One of the themes of this column for some years now has been the ascent of what might be called the Internet's own operating system - GNU/Linux. For GNU/Linux not only runs a decent wodge of all Internet servers - notably for Web and e-mail - but is a direct result of the distributed development that the Internet made possible. In the light of some interesting developments over the last month or so, it seems a good time to review how GNU/Linux is faring.
One straw in the wind was the release of a report by the Butler Group called Operating Systems - Winners & Losers in the Open/Proprietary OS Market. In fact, its view is unequivocal: GNU/Linux will be a "clear winner" here, along with Microsoft's .net.
It is something of a watershed that a major IT analyst is prepared to stick its neck out to this extent. Historically, analysts tend to stay close to the status quo, with only marginal fluctuations either side of the average; the Butler report is therefore a key moment, and I expect other analysts to follow in their turn.
Of course, analysis and prediction is one thing: what is really happening often quite another. But some other recent events have shown that the GNU/Linux market penetration is not just getting deeper, but broader too.
GNU/Linux is already strong in the mainstream business server market - which is why it is no surprise that the Butler Group report makes its bold prediction here, rather than elsewhere. In fact, because of the innate conservatism of analysts, Butler's mildly daring leap into the future is more a confirmation of the fact that GNU/Linux is now so well-established in the business server market that nobody even questions the fact.
The other recent events are interesting because they have concerned areas far removed from this open source heartland.
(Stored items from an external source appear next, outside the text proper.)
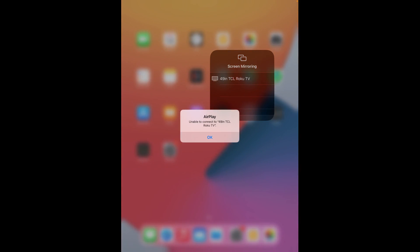Now it's saying that it's unable to connect, and for me it's saying that because I'm currently recording this video and it doesn't allow me to record a video and screen mirror at the same time, so that's why I'm getting that error message. But for you it should be pretty straightforward.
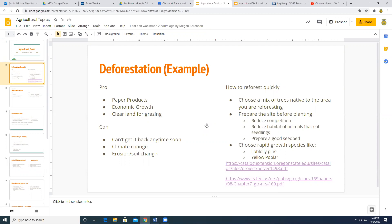What I want to show you is this is my example of what I want you to do today. I want you to do a deeper dive on the topics that you started last week. So for instance, this was my example of an agricultural topic — I had pros and cons of deforestation, which was just a quick natural resources topic. So I picked a specific thing: let's talk about how we can reforest areas that have been clear cut. How do we go back in and get that forest to come back? There are a few ways to do that.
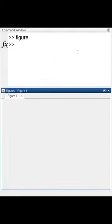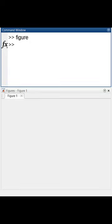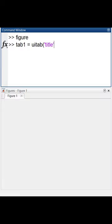I start by creating an empty figure. I create my first tab, tab1, using the uitab function. I set its title to sineGraph.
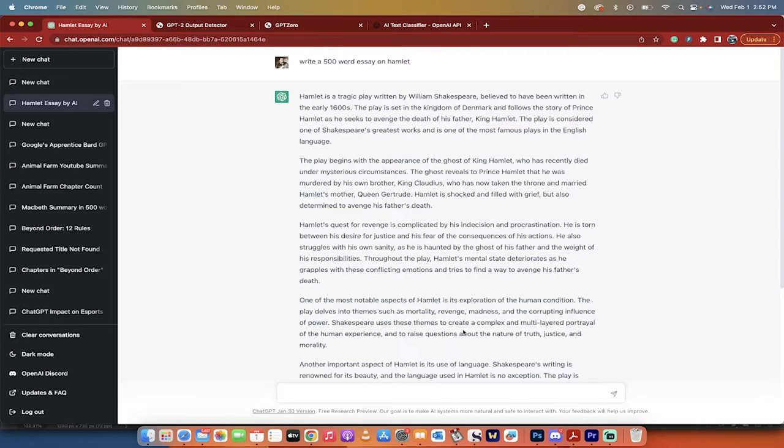Hello everyone, welcome back to another AI tutorial. In this one I'm going to show you how to detect plagiarism.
The most striking example of GNU/Linux's success at the top end was the announcement that the world's most powerful computer, IBM's Blue Gene/L, would be running not some specialised, high-performance custom-built operating system, but basically the same code that started life as a hack in Linus Torvalds' bedroom in April 1991, running on a single 386 processor with 8Mbytes of memory.
Blue Gene/L, by contrast, will have 65,536 processors and 16,000Gbytes of memory. It is expected to operate at 200 teraflops per second (200,000,000,000,000 floating point operations per second), which IBM claims is larger than the combined computing power of the top 500 supercomputers in the world today.
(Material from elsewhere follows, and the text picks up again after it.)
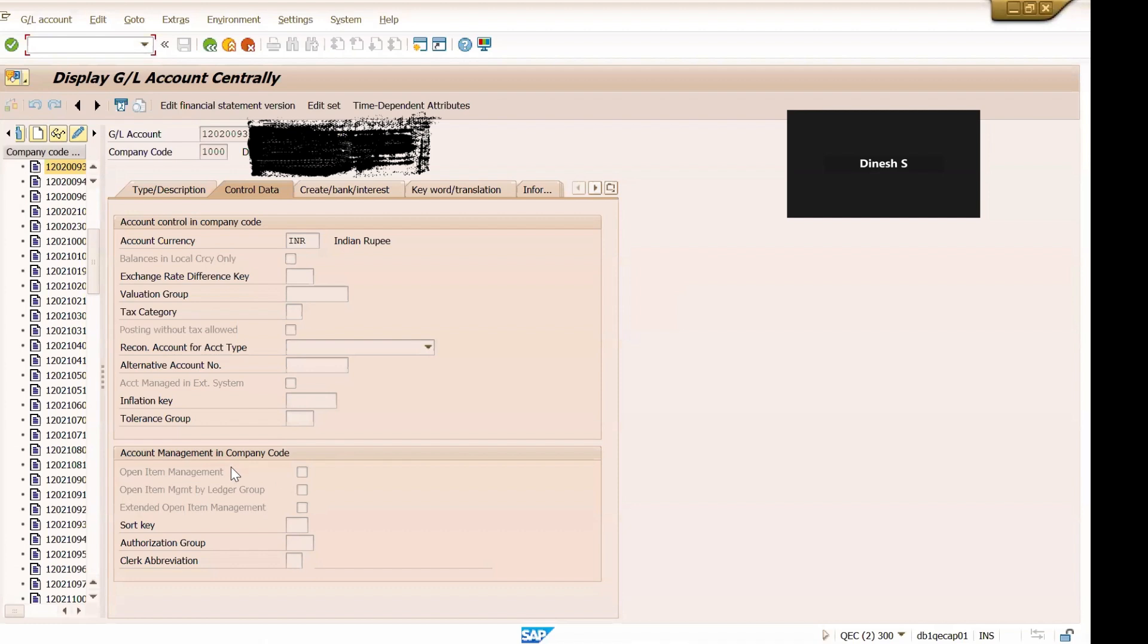All right, so this is how you can enable or activate or deactivate open item management in a particular G/L account when there are transactions posted. Simply you cannot enable it from the G/L master data, you need to run that program or that particular transaction code. So I hope you would like this content, if so please do like, share and subscribe. We will meet in the next video soon, till then bye, thank you.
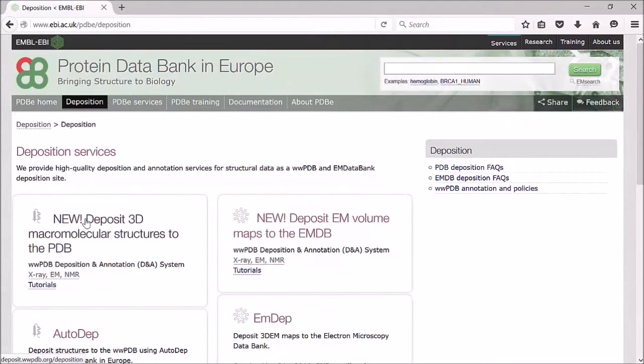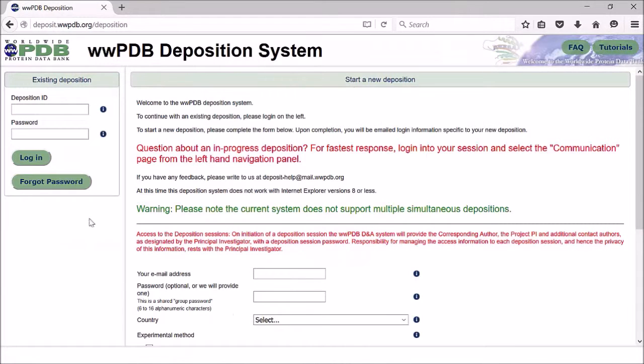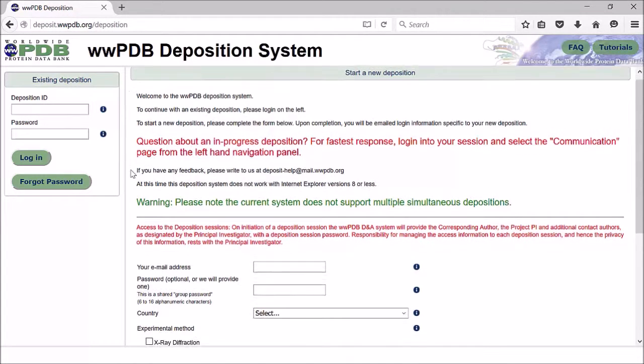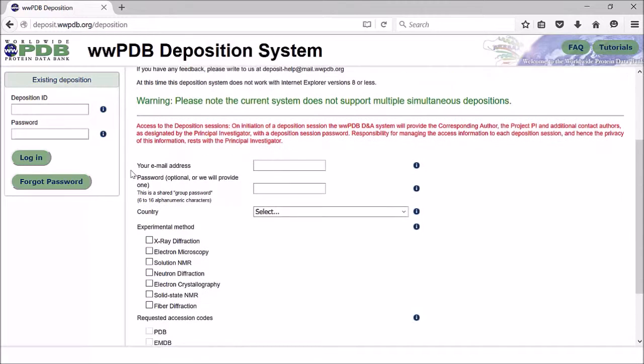If you click on one of these links at the top, it will take you to our deposition system. You'll see at the top left that it's the Worldwide PDB, because this is in collaboration with our colleagues at RCSB and PDBJ, as well as BMRB who deal with NMR data.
Blue Gene/L is actually a baby version of the main Blue Gene machine, which
is designed to run at 1 petaflop per second (1,000,000,000,000,000 floating point operations per second). And if you're wondering quite what all this power is for, it's to simulate a protein chain as it folds into the three-dimensional shape that determines most of its salient properties.
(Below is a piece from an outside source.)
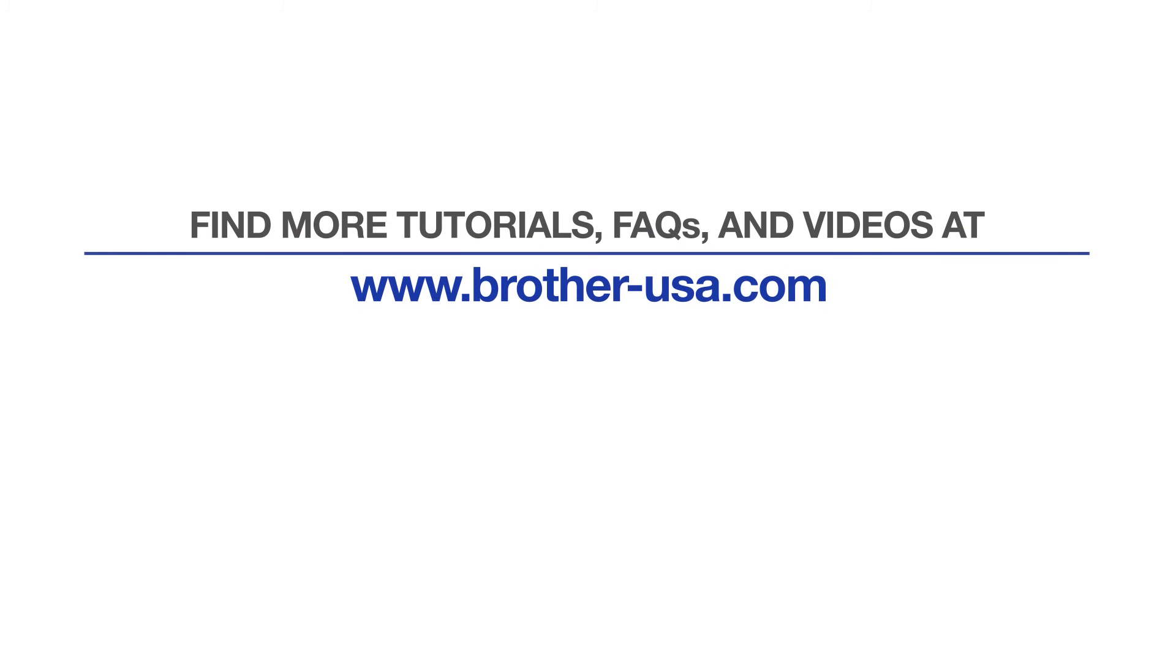For more tutorials, FAQs, and videos, visit us at www.brother-usa.com.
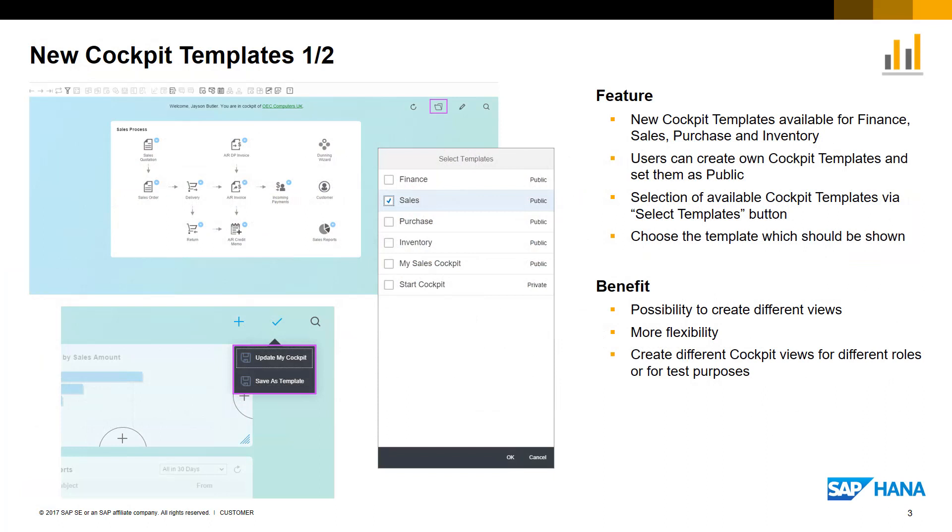There are four new cockpit templates available for sales, purchasing, finance, and inventory.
Although petaflop capabilities might seem far removed from the reality of everyday business computing, it is worth remembering that when the IBM PC was introduced in 1981 its processor used 16bits internally, and ran at just 4.77MHz, compared with PCs today that use 32bits and run at 2GHz or more. The point is, research machines of today become the desktop norm of tomorrow, and GNU/Linux has already planted its flag.
Still, it is true that currently only IBM can afford to use GNU/Linux in this kind of way. But at a slightly lower performance level there is an alternative that any company can buy: a cluster of standard PCs running GNU/Linux. Such systems provide supercomputer-level power without the price tag.
One indication that these systems are now off-the-shelf products is the fact that Dell Computers - the commodity PC maker par excellence - is making GNU/Linux clusters. Dell even envisages selling these systems directly from its Web site like any desktop or portable. High-end GNU/Linux computing has clearly arrived.